PROBLEM DESCRIPTION:
Exactly as written, transcribe the data from its opening line through the line containing "For more information". Leave every picture out.

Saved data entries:
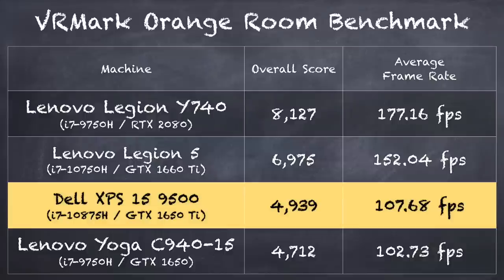If you're curious about VR compatibility, we ran the VRMark Orange Room test and we came in at the lower level there as expected, but it will meet the minimum specifications for doing some basic VR. But again, if you want to really get into VR, a proper gaming laptop or gaming desktop is the better way to go.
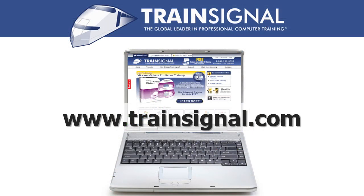For more information regarding our training videos, please visit www.TrainSignal.com.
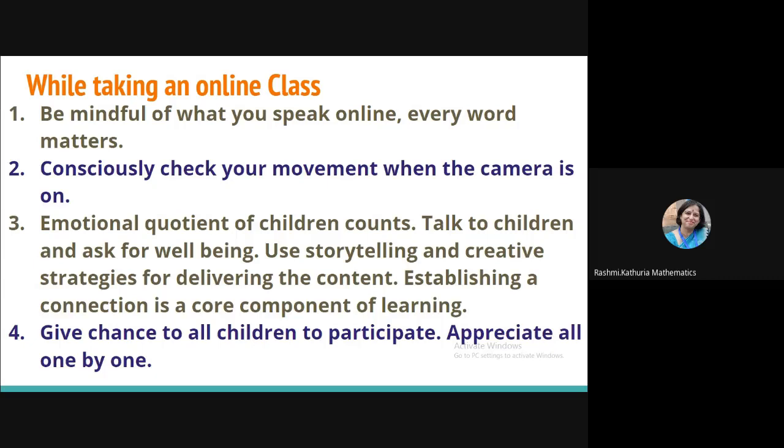Another important point is when we are taking up online classes, emotional quotient of children matters. We have to talk to all the children. But in a 40 minutes or 45 minutes class, on one day, we cannot talk. So, we can devise strategies like consciously prepare role number 1 to 5, maybe 6 to 10 or alphabetically if the names are coming on the screen. So, you can remember today I had a word with children whose name starts with A, B or C. Things like that. So, it purely depends on you. And then give chance to children to speak, participate, so that you are able to establish a bond with the children.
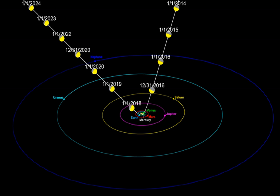A dim object was discovered on October 19, 2017 by the Pan-STARRS telescope at an apparent magnitude of 20. The observations showed that it follows a strongly hyperbolic trajectory around the Sun at a speed greater than the solar escape velocity, meaning that it is not gravitationally bound to the solar system and is likely an interstellar object. It was initially named C/2017 U1 because it was assumed to be a comet, and was renamed to A/2017 U1 after no cometary activity was found on October 25.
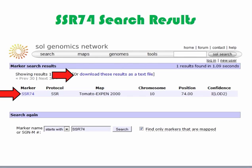In this example, the confidence level is 1 LOD2. If desired, you can download the results as a text file by clicking on the link "Download These Results as a Text File." Clicking on the SSR74 link will give even more information about SSR74, as we will see on the next slide.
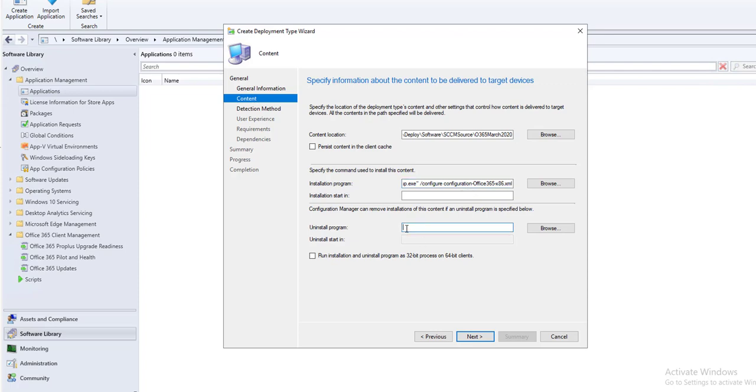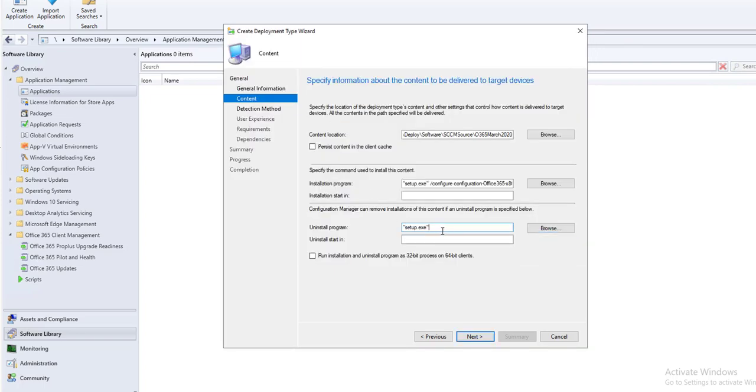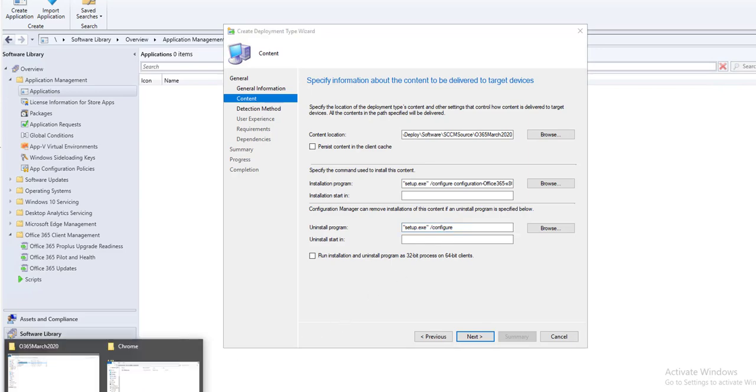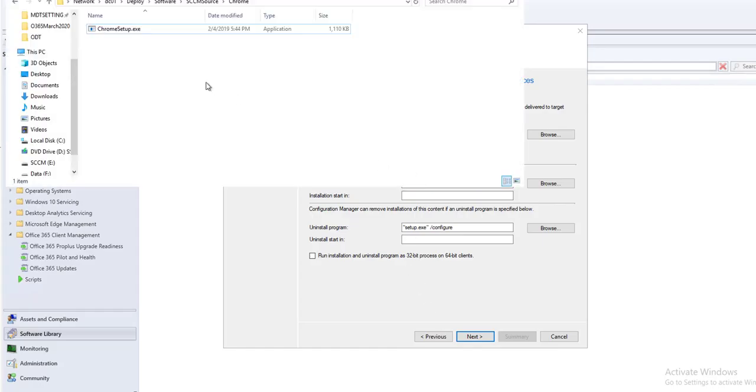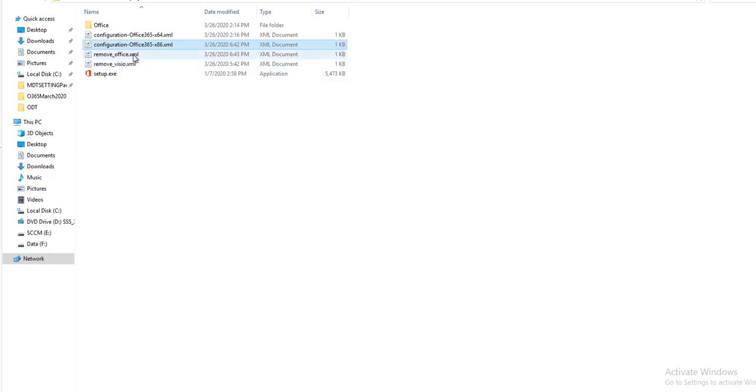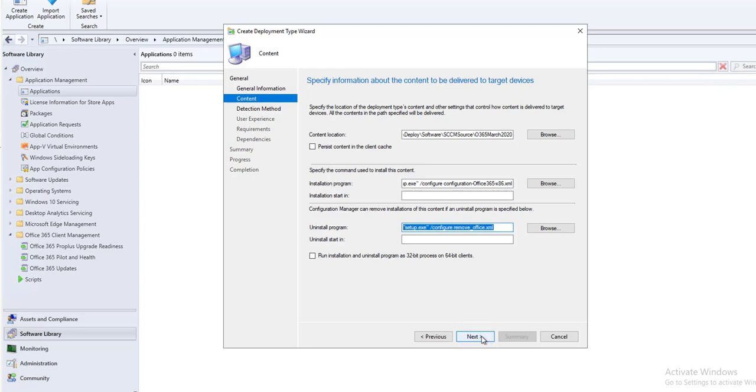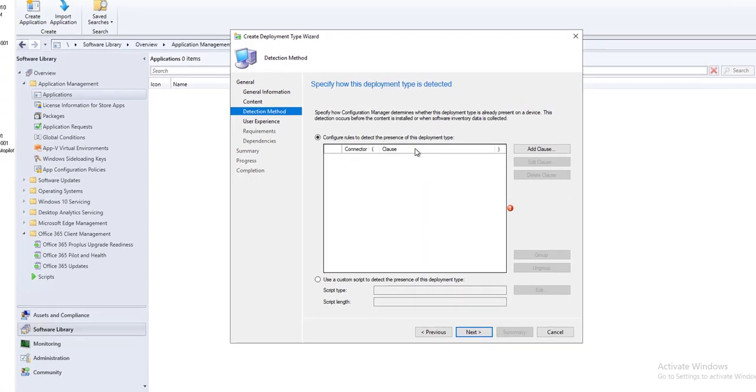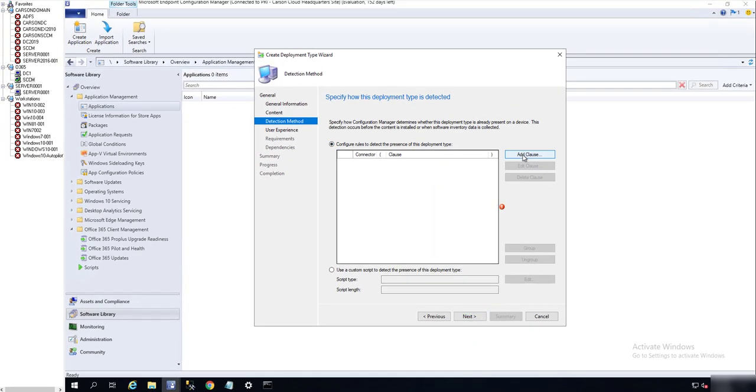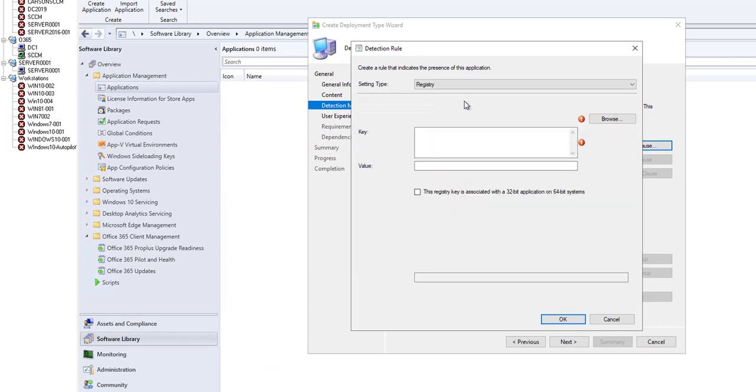The uninstall, it's going to be setup.exe, very similar, configured and then the name of the XML file, remove_office.xml. So this is the command line to install and this is the command line to remove. I'm going to click next.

EXERCISE SOLUTION:
If you're curious about VR compatibility, we ran the VRMark Orange Room test and we came in at the lower level there as expected, but it will meet the minimum specifications for doing some basic VR. But again, if you want to really get into VR, a proper gaming laptop or gaming desktop is the better way to go.
For more information regarding our training videos, please visit www.TrainSignal.com.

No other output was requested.